Response with gauge data points
[
  {"timestamp": 1460413065369, "value": 3.14},
  {"timestamp": 1460212025569, "value": 4.57},
  {"timestamp": 1460111065369, "value": 5.056}
]
Simple request to fetch counter data points
curl -X GET http://server/hakwular/metrics/counters/request_count/raw \
-H "Content-Type: application/json" -H "Hawkular-Tenant: com.acme"
Response with counter data points
[
  {"timestamp": 1460413065369, "value": 7},
  {"timestamp": 1460212025569, "value": 11},
  {"timestamp": 1460111065369, "value": 19}
]
Simple request to fetch availability data points
curl -X GET http://server/hakwular/metrics/availability/server1/raw \
-H "Content-Type: application/json" -H "Hawkular-Tenant: com.acme"
response with availability data points
[
  {"timestamp": 1460413065369, "value": "up"},
  {"timestamp": 1460212025569, "value": "up"},
  {"timestamp": 1460111065369, "value": "down"}
]

Date Range

Every query is bounded by a start and an end time. The end time defaults to now, and the start time defaults to 8 hours ago. These can be overridden with the start and end parameters respectively. The expected format of their values is a unix timestamp. The start of the range is inclusive while the end is exclusive.

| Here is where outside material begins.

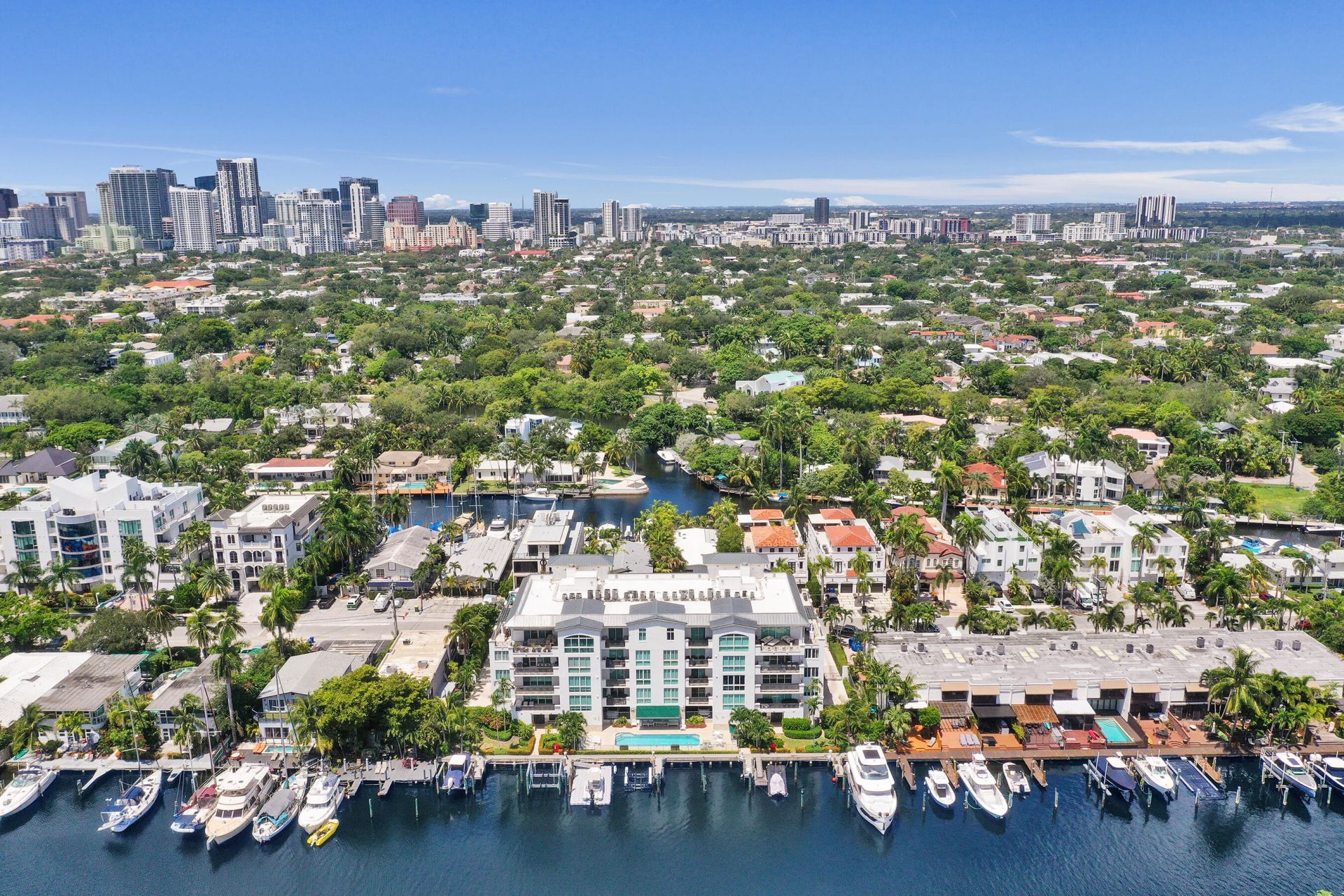 410 Hendricks Isle, Unit 203, Fort Lauderdale, FL 33301 Photo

Override start and end times for gauge
curl -X GET "http://server/hawkular/metrics/gauges/request_size/raw?start=1235&end=6789" \
-H "Content-Type: application/json" -H "Hawkular-Tenant: com.acme"
Override start and end times for counter
curl -X GET "http://server/hawkular/metrics/counters/request_count/raw?start=1235&end=6789" \
-H "Content-Type: application/json" -H "Hawkular-Tenant: com.acme"
Override start and end times for availability
curl -X GET "http://server/hawkular/metrics/availability/server1/raw?start=1235&end=6789" \
-H "Content-Type: application/json" -H "Hawkular-Tenant: com.acme"

If the end time is greater than the start time, an error response will be returned with a 400 status code.

Sort Order

Data is sorted by timestamp and returned in sorted order by default. The order is specified with the order parameter. Accepted values are asc and desc. The parameter value is case-insensitive.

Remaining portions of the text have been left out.